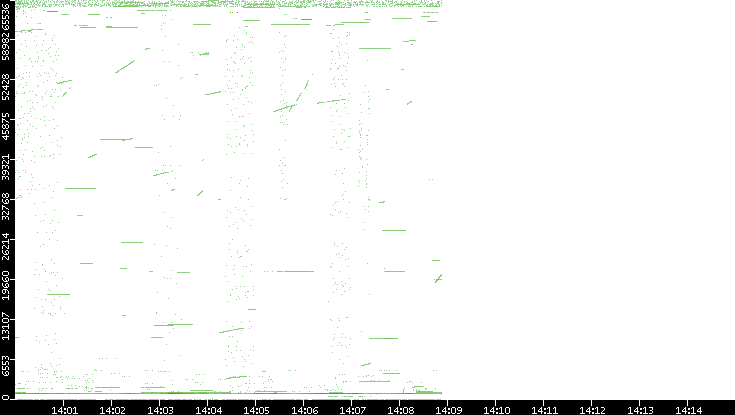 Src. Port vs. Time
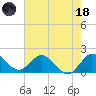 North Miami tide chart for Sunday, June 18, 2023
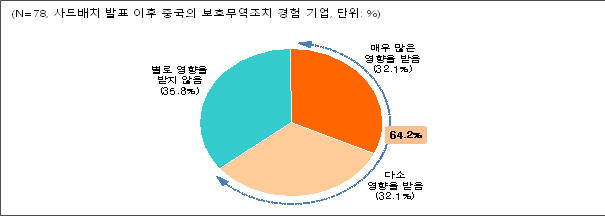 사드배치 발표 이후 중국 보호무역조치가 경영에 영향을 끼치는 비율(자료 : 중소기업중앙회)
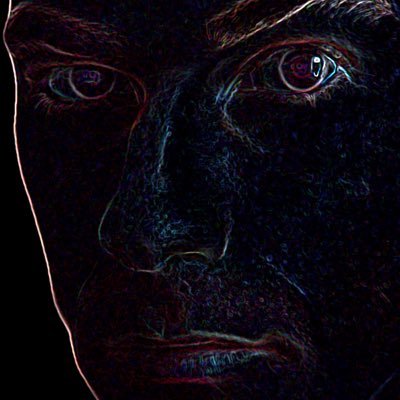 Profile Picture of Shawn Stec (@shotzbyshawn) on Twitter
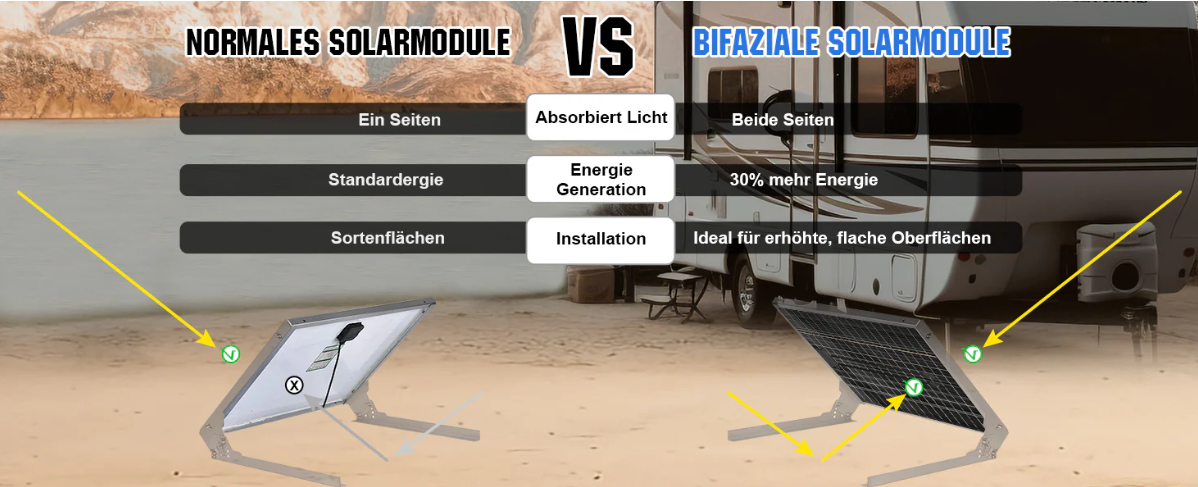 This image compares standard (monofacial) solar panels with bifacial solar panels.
---
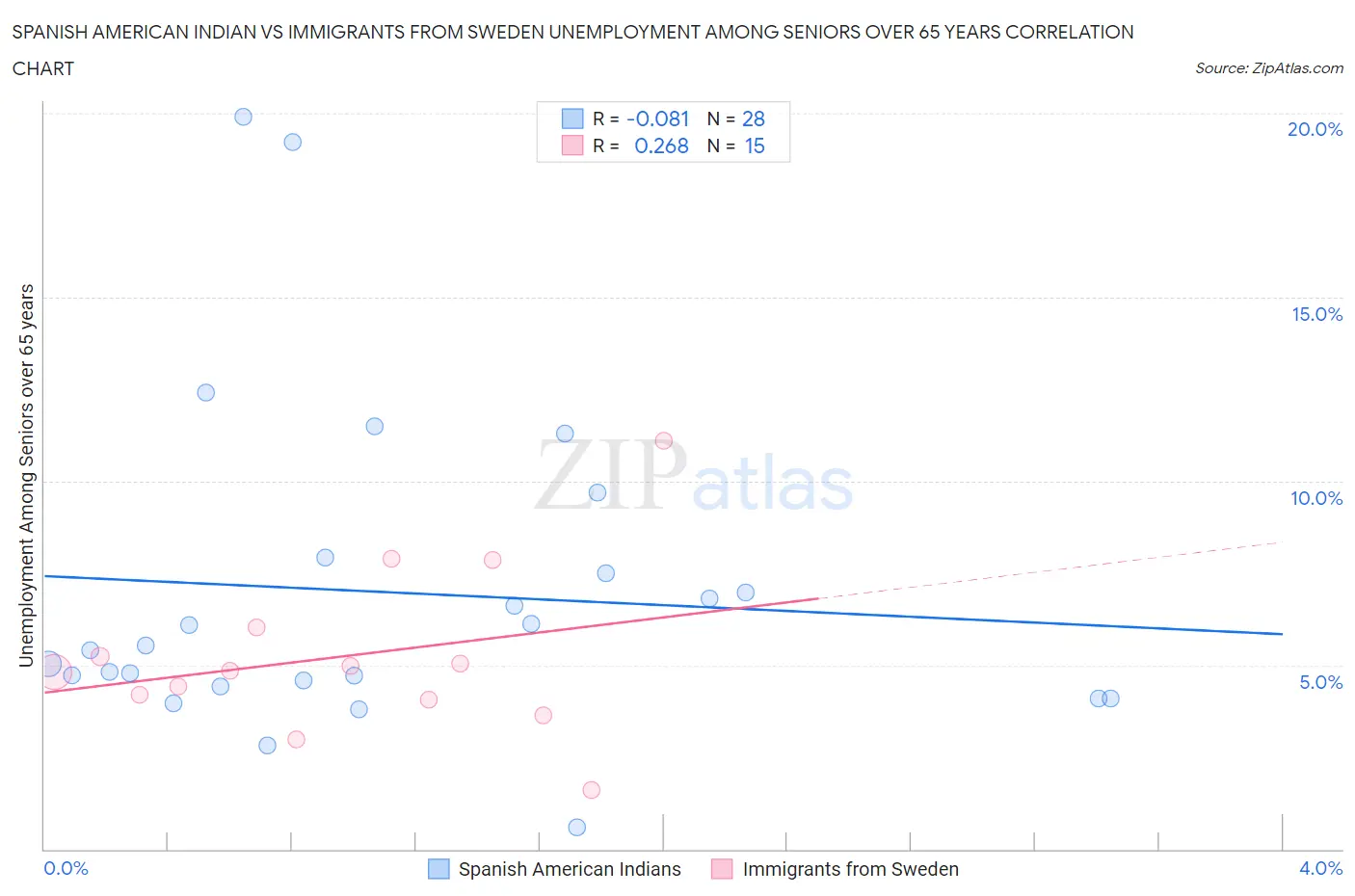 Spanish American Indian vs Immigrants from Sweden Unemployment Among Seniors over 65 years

> **WHAT TO DO**
An exact copy is needed. It runs from the line above containing "Src. Port vs. Time" down to the line containing "This image compares", both included, with no pictures.

> **TASK SOLUTION**
 Src. Port vs. Time
 North Miami tide chart for Sunday, June 18, 2023
 사드배치 발표 이후 중국 보호무역조치가 경영에 영향을 끼치는 비율(자료 : 중소기업중앙회)
 Profile Picture of Shawn Stec (@shotzbyshawn) on Twitter
 This image compares standard (monofacial) solar panels with bifacial solar panels.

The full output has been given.